Judgments and Tax Liens will either need to be paid/settled in full, or be on a written payment plan for a minimum of 3 months or more. The older the judgment is, the more likely a creditor (and even your state and the IRS) will be willing to settle. Some lenders will require you to pay it off before closing; while other lenders will require you to pay it at the closing table, where the title agent will take payment and record it as satisfied.
FICO Scoring: You want that bad boy GONE. Public Records tank credit scores, especially if it’s newer. If it’s older, it’s not affecting your scores as much, but it’s still affecting it; whether it’s paid or unpaid!

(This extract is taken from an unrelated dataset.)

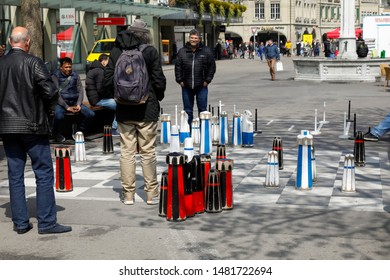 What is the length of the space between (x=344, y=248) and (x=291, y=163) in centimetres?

When you complete your loan application, it will ask you if you’ve filed bankruptcy. If you lie, you’ve just committed mortgage fraud. If you are applying for an FHA loan and you lie (most people who have filed for bankruptcy in the past couple years do) they may ban you in their Limited Denial of Participation system; where you won’t be able to use an FHA loan for a nice little period of time. It’s just not worth it. Tell the truth. Yes, a lender will see the bankruptcy on their public record search report, but they pull that to compare to your completed loan application. Imagine how it will look, if you said ‘No, I’ve never filed bankruptcy’, they pulled your report and found it wasn’t there, then did a public record search and it says you filed 3 years ago? You are not a trustworthy borrower, and an untrustworthy borrower is risky. No loan for you.
Yes, I would attempt to remove a bankruptcy, because your scores will more than likely increase. Keep in mind that removing a bankruptcy is pretty difficult for most, so don’t beat yourself up if it doesn’t come off when you dispute it one or three or more times. It is what it is. Focus on rebuilding and saving up, paying on time, and ensuring your debts are super low so that when a lender runs your debt ratios and requests your bank statements to see how much income you make and money you have saved; you’ll wow them 😊.

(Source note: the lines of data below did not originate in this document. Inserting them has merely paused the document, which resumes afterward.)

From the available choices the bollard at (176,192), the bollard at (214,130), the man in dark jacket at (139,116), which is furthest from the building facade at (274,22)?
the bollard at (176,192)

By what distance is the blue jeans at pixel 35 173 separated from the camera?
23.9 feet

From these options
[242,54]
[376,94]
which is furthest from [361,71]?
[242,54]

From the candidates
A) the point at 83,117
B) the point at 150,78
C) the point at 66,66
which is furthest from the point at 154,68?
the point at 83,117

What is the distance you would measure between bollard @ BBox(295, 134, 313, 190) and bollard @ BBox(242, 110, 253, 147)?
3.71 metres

Hopefully, this helps as you prepare your credit for home ownership. If I can offer any further advice, it would be to get those scores up as much as possible, bring down your debts as much as possible, save and search for free money as much as possible.
Yes, some lenders will approve you with a 580 credit score and a 56% debt-to-income ratio; but please believe it comes with a higher interest rate, manual underwriting where you’ll experience more scrutiny, have to submit more paperwork and a lot of frustration than if you are getting an automated underwriting approval.